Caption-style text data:
<<<<
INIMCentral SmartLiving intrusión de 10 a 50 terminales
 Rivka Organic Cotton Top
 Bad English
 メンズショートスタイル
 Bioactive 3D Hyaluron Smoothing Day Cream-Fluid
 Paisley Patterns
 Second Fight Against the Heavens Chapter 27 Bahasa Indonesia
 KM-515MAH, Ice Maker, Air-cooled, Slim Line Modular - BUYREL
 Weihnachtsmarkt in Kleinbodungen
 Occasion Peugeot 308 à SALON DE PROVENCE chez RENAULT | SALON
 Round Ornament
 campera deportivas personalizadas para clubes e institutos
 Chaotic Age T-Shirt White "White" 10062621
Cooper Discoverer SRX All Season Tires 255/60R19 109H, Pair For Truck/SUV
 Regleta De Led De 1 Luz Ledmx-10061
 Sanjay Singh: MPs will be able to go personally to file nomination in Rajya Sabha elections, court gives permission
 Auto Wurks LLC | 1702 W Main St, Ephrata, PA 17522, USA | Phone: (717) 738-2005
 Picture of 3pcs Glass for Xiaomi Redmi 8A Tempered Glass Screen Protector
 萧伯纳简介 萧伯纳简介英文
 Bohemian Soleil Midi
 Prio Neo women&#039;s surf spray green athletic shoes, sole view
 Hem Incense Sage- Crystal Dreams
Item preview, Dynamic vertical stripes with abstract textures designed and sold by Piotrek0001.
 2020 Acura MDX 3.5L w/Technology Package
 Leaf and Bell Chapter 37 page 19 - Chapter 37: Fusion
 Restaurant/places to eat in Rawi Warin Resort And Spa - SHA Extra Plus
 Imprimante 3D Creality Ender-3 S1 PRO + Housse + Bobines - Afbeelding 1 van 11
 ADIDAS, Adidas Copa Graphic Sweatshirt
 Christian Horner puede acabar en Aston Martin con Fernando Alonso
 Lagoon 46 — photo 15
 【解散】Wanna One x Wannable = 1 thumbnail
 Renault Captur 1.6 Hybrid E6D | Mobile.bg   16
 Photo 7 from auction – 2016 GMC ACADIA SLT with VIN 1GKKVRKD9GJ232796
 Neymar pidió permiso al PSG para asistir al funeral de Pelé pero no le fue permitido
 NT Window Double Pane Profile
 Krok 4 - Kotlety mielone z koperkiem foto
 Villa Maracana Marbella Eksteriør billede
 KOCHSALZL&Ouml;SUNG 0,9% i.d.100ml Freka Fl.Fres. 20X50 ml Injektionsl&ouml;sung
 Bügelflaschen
>>>>
Assignment:
Copy each line in the entries above where the word "para" shows up.

Answer area:
 campera deportivas personalizadas para clubes e institutos
 Neymar pidió permiso al PSG para asistir al funeral de Pelé pero no le fue permitido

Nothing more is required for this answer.